What you need to do> Where a picture appears in the data below, exclude it; restate everything else word for word.

Data>
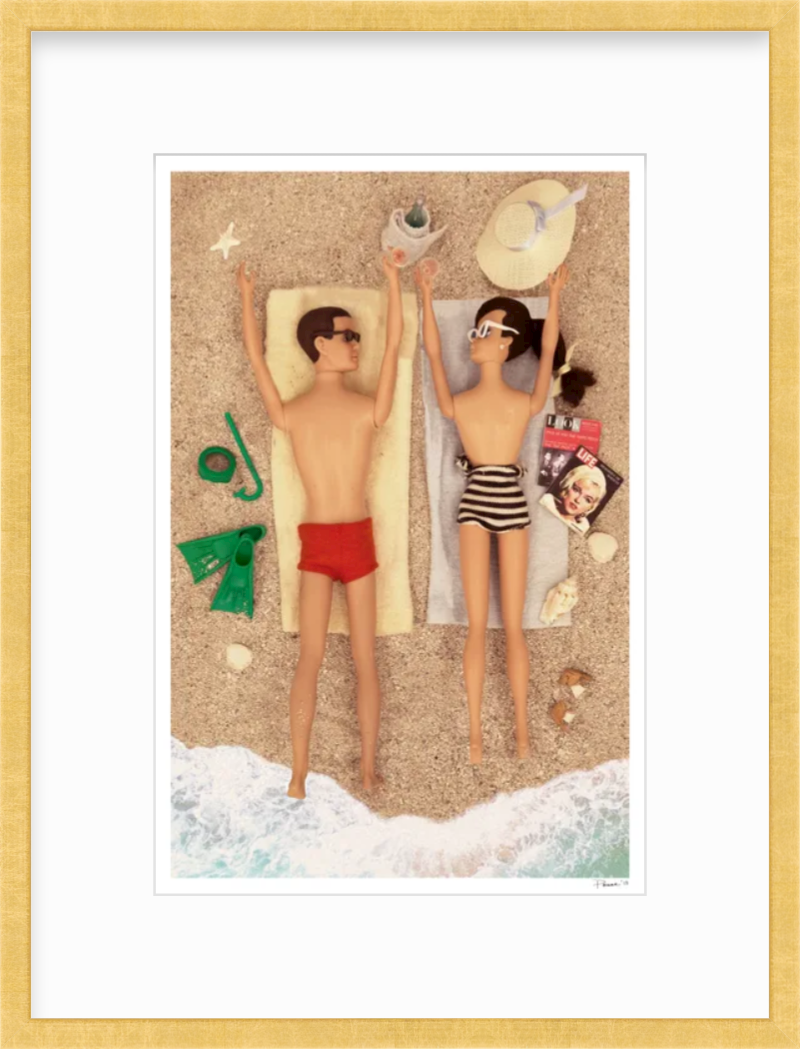Beach Couple (Brunettes)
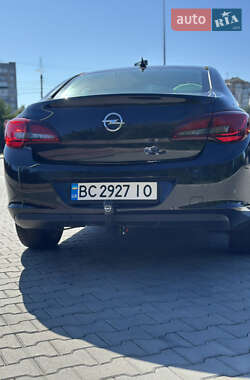 Седан Opel Astra 2012 в 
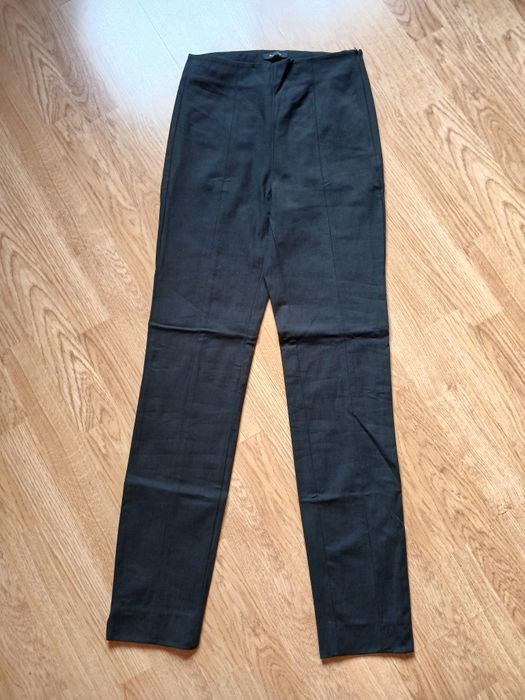 Czarne damskie spodnie garniturowe Massimo Dutti rozmiar XS 34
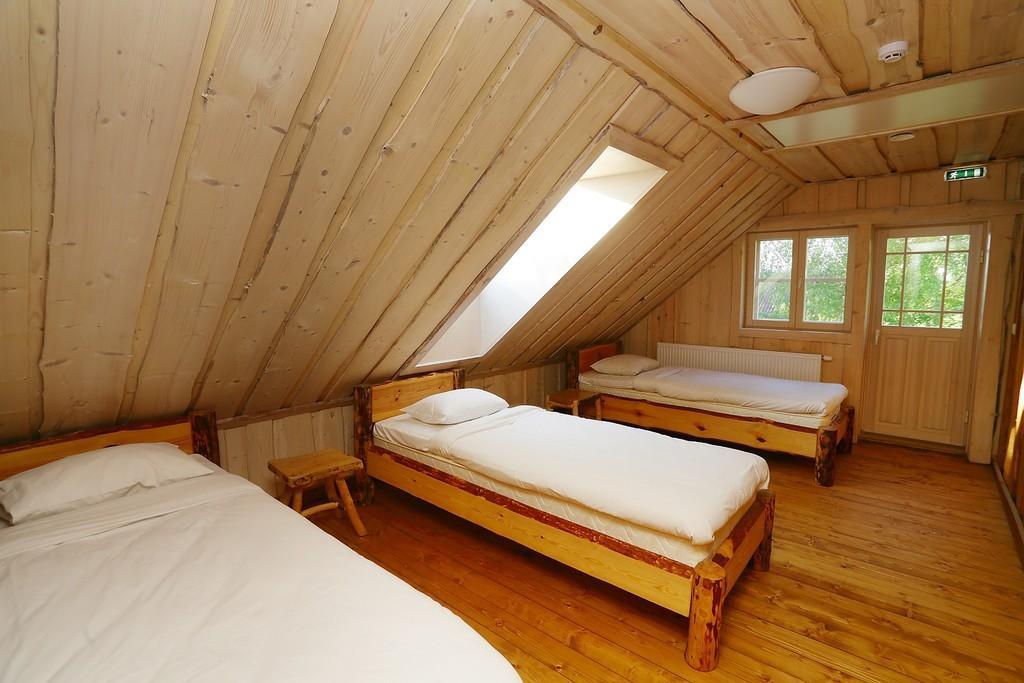 Mäeotsa puhketalu magamistuba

Your solution>
Beach Couple (Brunettes)
 Седан Opel Astra 2012 в 
 Czarne damskie spodnie garniturowe Massimo Dutti rozmiar XS 34
 Mäeotsa puhketalu magamistuba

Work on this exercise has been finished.